Wishing you all the best–and I hope spring arrives for you all soon. It seems it’s been such an especially bleak and long winter.
Erika, I am so glad to hear the piece resonated with you. To be honest, it was a strange thing for me to write those words – about feeling how my work as a writer keeps me from fitting neatly into my life, but when I wrote them, I could feel how altogether true they were and I knew they had to stay. It has been a long winter – I have to say though, sometimes I love that desolation of the beach exactly that way.
Dawn, strength of voice is one of your enduring skills as a writer and a person. The addition of life experience, that self-awareness and self-knowledge that the emotional landscape of our lives develops in us breathes such warmth and character into your work. The way you find beauty in your surroundings, capture it with words, and infuse it into your pieces creates ethereal, somewhat “other-worldly” work that is at once engaging, moving, provocative, and inspiring. Beautiful piece here and I look forward to experiencing your fourth novel!
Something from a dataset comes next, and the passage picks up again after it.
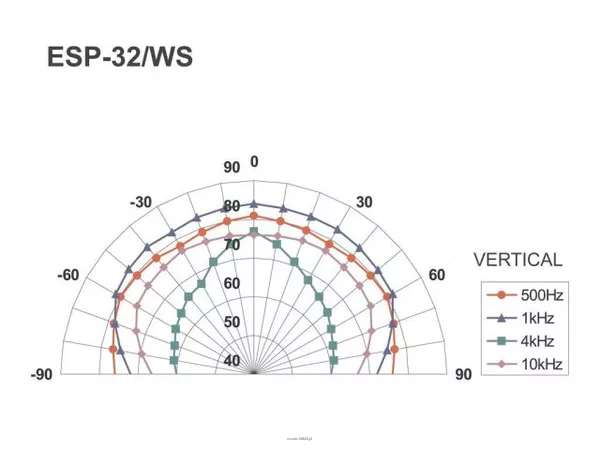 Monacor ESP-32/WS - 4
Debi, Thank you so much for these words. This matters to me so deeply – what you write above. That question of emotional landscape really speaks to me. I know that in Game of Secrets it was something I wanted to really understand and capture – not only the emotional landscape of a character, but the emotional landscape, the human landscape of a place – a place that is beautiful – at times with a beauty that approaches the ethereal – but a place which also has a very closed, raw, dark element seamed through it. Those two aspects – the beauty and the dark – to me always co-exist, and I sit with that often – thinking it through, feeling it – while I am working on a piece. Thank you again for your words. Thank you.
Very beautiful – I can feel you talking through this. If I come and run with you, will I write like this?
Thank you. Occasionally, I do run with someone else – it’s altogether different, but sometimes it can be a wonderful thing – to share that space and time and silence – I don’t run fast, and I tend not to talk when I run – because it’s the silence and the solitude I’m want to approach. If that makes sense. Some people I know can find stillness by sitting still, I find it by moving through space, outside. It’s the stillness that allows me to write well.
Thank you for this post. I’ve just been introduced to you through Catching Days and can’t wait to look into your books. You created a whole world just in this short piece about your day. I can only imagine what you can do in your novels.Your thoughtfulness– about how each movement, space, and goal impacts your work at the kitchen table–inspires me.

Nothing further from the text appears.